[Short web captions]
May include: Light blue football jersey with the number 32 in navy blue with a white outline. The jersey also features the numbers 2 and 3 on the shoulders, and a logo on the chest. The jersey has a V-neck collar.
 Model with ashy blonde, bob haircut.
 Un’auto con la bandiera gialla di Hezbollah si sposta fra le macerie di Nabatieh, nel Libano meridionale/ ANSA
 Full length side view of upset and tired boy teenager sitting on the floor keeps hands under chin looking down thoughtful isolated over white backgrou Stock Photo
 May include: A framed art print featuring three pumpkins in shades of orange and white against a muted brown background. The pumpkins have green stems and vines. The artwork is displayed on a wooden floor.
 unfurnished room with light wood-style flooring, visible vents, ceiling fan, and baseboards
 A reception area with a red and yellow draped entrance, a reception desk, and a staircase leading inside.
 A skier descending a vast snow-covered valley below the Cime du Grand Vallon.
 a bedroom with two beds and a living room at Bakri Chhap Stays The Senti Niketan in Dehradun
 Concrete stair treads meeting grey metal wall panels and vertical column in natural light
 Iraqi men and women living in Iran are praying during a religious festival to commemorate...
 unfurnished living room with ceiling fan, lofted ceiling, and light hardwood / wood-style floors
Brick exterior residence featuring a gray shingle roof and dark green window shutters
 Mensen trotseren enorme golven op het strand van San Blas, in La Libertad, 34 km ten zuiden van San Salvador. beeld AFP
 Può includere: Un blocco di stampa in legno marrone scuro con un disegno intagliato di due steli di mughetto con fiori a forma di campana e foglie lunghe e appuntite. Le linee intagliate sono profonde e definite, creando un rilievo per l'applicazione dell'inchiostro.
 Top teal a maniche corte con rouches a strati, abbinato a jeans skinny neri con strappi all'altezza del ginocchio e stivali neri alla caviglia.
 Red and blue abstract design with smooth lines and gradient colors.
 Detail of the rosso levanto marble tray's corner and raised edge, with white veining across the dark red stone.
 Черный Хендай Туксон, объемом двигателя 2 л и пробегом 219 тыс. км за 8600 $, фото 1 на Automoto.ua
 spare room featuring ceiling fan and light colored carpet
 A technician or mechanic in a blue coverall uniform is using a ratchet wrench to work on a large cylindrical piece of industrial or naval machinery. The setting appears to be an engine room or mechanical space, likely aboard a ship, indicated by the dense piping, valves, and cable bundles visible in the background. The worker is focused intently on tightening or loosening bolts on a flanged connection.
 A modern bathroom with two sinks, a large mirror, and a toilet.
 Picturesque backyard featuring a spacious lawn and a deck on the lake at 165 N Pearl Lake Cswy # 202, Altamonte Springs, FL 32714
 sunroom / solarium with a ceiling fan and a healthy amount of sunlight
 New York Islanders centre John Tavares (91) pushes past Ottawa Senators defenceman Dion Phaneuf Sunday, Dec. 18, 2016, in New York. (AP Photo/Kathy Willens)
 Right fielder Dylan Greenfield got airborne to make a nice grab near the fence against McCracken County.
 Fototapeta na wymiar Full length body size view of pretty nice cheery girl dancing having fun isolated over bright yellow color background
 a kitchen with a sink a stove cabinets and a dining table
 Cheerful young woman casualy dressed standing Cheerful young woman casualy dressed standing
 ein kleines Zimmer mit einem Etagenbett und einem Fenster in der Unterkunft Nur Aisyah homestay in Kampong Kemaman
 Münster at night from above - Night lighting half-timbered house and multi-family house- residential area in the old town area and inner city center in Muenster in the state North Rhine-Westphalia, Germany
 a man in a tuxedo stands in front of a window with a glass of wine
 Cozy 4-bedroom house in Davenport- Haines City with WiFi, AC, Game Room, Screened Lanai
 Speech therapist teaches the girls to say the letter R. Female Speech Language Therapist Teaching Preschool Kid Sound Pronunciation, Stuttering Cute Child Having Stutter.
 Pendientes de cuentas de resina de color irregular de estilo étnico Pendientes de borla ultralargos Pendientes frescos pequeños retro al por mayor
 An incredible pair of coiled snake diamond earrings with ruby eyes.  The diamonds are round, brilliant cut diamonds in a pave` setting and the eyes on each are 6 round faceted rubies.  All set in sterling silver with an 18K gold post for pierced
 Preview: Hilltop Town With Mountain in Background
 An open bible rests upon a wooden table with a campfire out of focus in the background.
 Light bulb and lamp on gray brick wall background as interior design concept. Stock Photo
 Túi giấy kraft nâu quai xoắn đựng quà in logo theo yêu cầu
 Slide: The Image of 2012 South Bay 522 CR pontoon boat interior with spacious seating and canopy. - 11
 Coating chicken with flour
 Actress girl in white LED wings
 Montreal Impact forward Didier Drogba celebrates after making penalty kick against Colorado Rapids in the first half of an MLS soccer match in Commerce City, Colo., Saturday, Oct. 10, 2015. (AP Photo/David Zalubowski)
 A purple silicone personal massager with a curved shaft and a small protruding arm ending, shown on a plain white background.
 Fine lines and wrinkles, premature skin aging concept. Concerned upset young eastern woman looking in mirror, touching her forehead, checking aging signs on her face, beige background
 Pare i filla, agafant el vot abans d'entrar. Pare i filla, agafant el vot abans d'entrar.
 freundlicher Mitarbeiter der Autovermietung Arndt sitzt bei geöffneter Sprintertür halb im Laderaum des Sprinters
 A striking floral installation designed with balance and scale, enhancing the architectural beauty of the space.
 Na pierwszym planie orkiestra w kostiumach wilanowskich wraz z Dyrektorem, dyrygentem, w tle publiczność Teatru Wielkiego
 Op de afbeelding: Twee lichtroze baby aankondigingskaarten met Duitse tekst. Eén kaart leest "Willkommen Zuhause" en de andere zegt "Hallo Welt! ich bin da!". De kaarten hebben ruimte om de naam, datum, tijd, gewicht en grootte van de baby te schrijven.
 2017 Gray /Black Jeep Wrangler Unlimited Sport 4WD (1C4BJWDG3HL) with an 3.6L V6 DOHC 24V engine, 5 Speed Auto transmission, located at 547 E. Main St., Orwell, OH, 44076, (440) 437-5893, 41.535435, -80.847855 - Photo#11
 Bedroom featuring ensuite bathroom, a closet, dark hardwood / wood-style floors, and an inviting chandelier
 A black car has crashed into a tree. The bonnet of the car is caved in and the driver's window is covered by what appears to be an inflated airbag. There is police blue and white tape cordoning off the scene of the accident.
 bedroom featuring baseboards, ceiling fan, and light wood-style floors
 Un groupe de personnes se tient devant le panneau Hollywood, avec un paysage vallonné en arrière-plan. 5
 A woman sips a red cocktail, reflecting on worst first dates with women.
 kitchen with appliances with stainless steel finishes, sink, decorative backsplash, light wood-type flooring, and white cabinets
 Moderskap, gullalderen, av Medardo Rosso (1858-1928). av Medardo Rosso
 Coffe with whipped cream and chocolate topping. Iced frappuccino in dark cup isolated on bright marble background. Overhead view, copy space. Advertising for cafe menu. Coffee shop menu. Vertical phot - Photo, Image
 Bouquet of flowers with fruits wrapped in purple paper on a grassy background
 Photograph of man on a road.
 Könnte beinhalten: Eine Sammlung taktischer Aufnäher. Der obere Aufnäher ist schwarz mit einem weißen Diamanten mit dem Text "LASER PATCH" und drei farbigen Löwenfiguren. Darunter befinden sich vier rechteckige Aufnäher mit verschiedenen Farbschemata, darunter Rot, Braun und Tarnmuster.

» EXERCISE
All of the records above are to be printed again exactly as they appear.

» WRITTEN ANSWER
May include: Light blue football jersey with the number 32 in navy blue with a white outline. The jersey also features the numbers 2 and 3 on the shoulders, and a logo on the chest. The jersey has a V-neck collar.
 Model with ashy blonde, bob haircut.
 Un’auto con la bandiera gialla di Hezbollah si sposta fra le macerie di Nabatieh, nel Libano meridionale/ ANSA
 Full length side view of upset and tired boy teenager sitting on the floor keeps hands under chin looking down thoughtful isolated over white backgrou Stock Photo
 May include: A framed art print featuring three pumpkins in shades of orange and white against a muted brown background. The pumpkins have green stems and vines. The artwork is displayed on a wooden floor.
 unfurnished room with light wood-style flooring, visible vents, ceiling fan, and baseboards
 A reception area with a red and yellow draped entrance, a reception desk, and a staircase leading inside.
 A skier descending a vast snow-covered valley below the Cime du Grand Vallon.
 a bedroom with two beds and a living room at Bakri Chhap Stays The Senti Niketan in Dehradun
 Concrete stair treads meeting grey metal wall panels and vertical column in natural light
 Iraqi men and women living in Iran are praying during a religious festival to commemorate...
 unfurnished living room with ceiling fan, lofted ceiling, and light hardwood / wood-style floors
Brick exterior residence featuring a gray shingle roof and dark green window shutters
 Mensen trotseren enorme golven op het strand van San Blas, in La Libertad, 34 km ten zuiden van San Salvador. beeld AFP
 Può includere: Un blocco di stampa in legno marrone scuro con un disegno intagliato di due steli di mughetto con fiori a forma di campana e foglie lunghe e appuntite. Le linee intagliate sono profonde e definite, creando un rilievo per l'applicazione dell'inchiostro.
 Top teal a maniche corte con rouches a strati, abbinato a jeans skinny neri con strappi all'altezza del ginocchio e stivali neri alla caviglia.
 Red and blue abstract design with smooth lines and gradient colors.
 Detail of the rosso levanto marble tray's corner and raised edge, with white veining across the dark red stone.
 Черный Хендай Туксон, объемом двигателя 2 л и пробегом 219 тыс. км за 8600 $, фото 1 на Automoto.ua
 spare room featuring ceiling fan and light colored carpet
 A technician or mechanic in a blue coverall uniform is using a ratchet wrench to work on a large cylindrical piece of industrial or naval machinery. The setting appears to be an engine room or mechanical space, likely aboard a ship, indicated by the dense piping, valves, and cable bundles visible in the background. The worker is focused intently on tightening or loosening bolts on a flanged connection.
 A modern bathroom with two sinks, a large mirror, and a toilet.
 Picturesque backyard featuring a spacious lawn and a deck on the lake at 165 N Pearl Lake Cswy # 202, Altamonte Springs, FL 32714
 sunroom / solarium with a ceiling fan and a healthy amount of sunlight
 New York Islanders centre John Tavares (91) pushes past Ottawa Senators defenceman Dion Phaneuf Sunday, Dec. 18, 2016, in New York. (AP Photo/Kathy Willens)
 Right fielder Dylan Greenfield got airborne to make a nice grab near the fence against McCracken County.
 Fototapeta na wymiar Full length body size view of pretty nice cheery girl dancing having fun isolated over bright yellow color background
 a kitchen with a sink a stove cabinets and a dining table
 Cheerful young woman casualy dressed standing Cheerful young woman casualy dressed standing
 ein kleines Zimmer mit einem Etagenbett und einem Fenster in der Unterkunft Nur Aisyah homestay in Kampong Kemaman
 Münster at night from above - Night lighting half-timbered house and multi-family house- residential area in the old town area and inner city center in Muenster in the state North Rhine-Westphalia, Germany
 a man in a tuxedo stands in front of a window with a glass of wine
 Cozy 4-bedroom house in Davenport- Haines City with WiFi, AC, Game Room, Screened Lanai
 Speech therapist teaches the girls to say the letter R. Female Speech Language Therapist Teaching Preschool Kid Sound Pronunciation, Stuttering Cute Child Having Stutter.
 Pendientes de cuentas de resina de color irregular de estilo étnico Pendientes de borla ultralargos Pendientes frescos pequeños retro al por mayor
 An incredible pair of coiled snake diamond earrings with ruby eyes.  The diamonds are round, brilliant cut diamonds in a pave` setting and the eyes on each are 6 round faceted rubies.  All set in sterling silver with an 18K gold post for pierced
 Preview: Hilltop Town With Mountain in Background
 An open bible rests upon a wooden table with a campfire out of focus in the background.
 Light bulb and lamp on gray brick wall background as interior design concept. Stock Photo
 Túi giấy kraft nâu quai xoắn đựng quà in logo theo yêu cầu
 Slide: The Image of 2012 South Bay 522 CR pontoon boat interior with spacious seating and canopy. - 11
 Coating chicken with flour
 Actress girl in white LED wings
 Montreal Impact forward Didier Drogba celebrates after making penalty kick against Colorado Rapids in the first half of an MLS soccer match in Commerce City, Colo., Saturday, Oct. 10, 2015. (AP Photo/David Zalubowski)
 A purple silicone personal massager with a curved shaft and a small protruding arm ending, shown on a plain white background.
 Fine lines and wrinkles, premature skin aging concept. Concerned upset young eastern woman looking in mirror, touching her forehead, checking aging signs on her face, beige background
 Pare i filla, agafant el vot abans d'entrar. Pare i filla, agafant el vot abans d'entrar.
 freundlicher Mitarbeiter der Autovermietung Arndt sitzt bei geöffneter Sprintertür halb im Laderaum des Sprinters
 A striking floral installation designed with balance and scale, enhancing the architectural beauty of the space.
 Na pierwszym planie orkiestra w kostiumach wilanowskich wraz z Dyrektorem, dyrygentem, w tle publiczność Teatru Wielkiego
 Op de afbeelding: Twee lichtroze baby aankondigingskaarten met Duitse tekst. Eén kaart leest "Willkommen Zuhause" en de andere zegt "Hallo Welt! ich bin da!". De kaarten hebben ruimte om de naam, datum, tijd, gewicht en grootte van de baby te schrijven.
 2017 Gray /Black Jeep Wrangler Unlimited Sport 4WD (1C4BJWDG3HL) with an 3.6L V6 DOHC 24V engine, 5 Speed Auto transmission, located at 547 E. Main St., Orwell, OH, 44076, (440) 437-5893, 41.535435, -80.847855 - Photo#11
 Bedroom featuring ensuite bathroom, a closet, dark hardwood / wood-style floors, and an inviting chandelier
 A black car has crashed into a tree. The bonnet of the car is caved in and the driver's window is covered by what appears to be an inflated airbag. There is police blue and white tape cordoning off the scene of the accident.
 bedroom featuring baseboards, ceiling fan, and light wood-style floors
 Un groupe de personnes se tient devant le panneau Hollywood, avec un paysage vallonné en arrière-plan. 5
 A woman sips a red cocktail, reflecting on worst first dates with women.
 kitchen with appliances with stainless steel finishes, sink, decorative backsplash, light wood-type flooring, and white cabinets
 Moderskap, gullalderen, av Medardo Rosso (1858-1928). av Medardo Rosso
 Coffe with whipped cream and chocolate topping. Iced frappuccino in dark cup isolated on bright marble background. Overhead view, copy space. Advertising for cafe menu. Coffee shop menu. Vertical phot - Photo, Image
 Bouquet of flowers with fruits wrapped in purple paper on a grassy background
 Photograph of man on a road.
 Könnte beinhalten: Eine Sammlung taktischer Aufnäher. Der obere Aufnäher ist schwarz mit einem weißen Diamanten mit dem Text "LASER PATCH" und drei farbigen Löwenfiguren. Darunter befinden sich vier rechteckige Aufnäher mit verschiedenen Farbschemata, darunter Rot, Braun und Tarnmuster.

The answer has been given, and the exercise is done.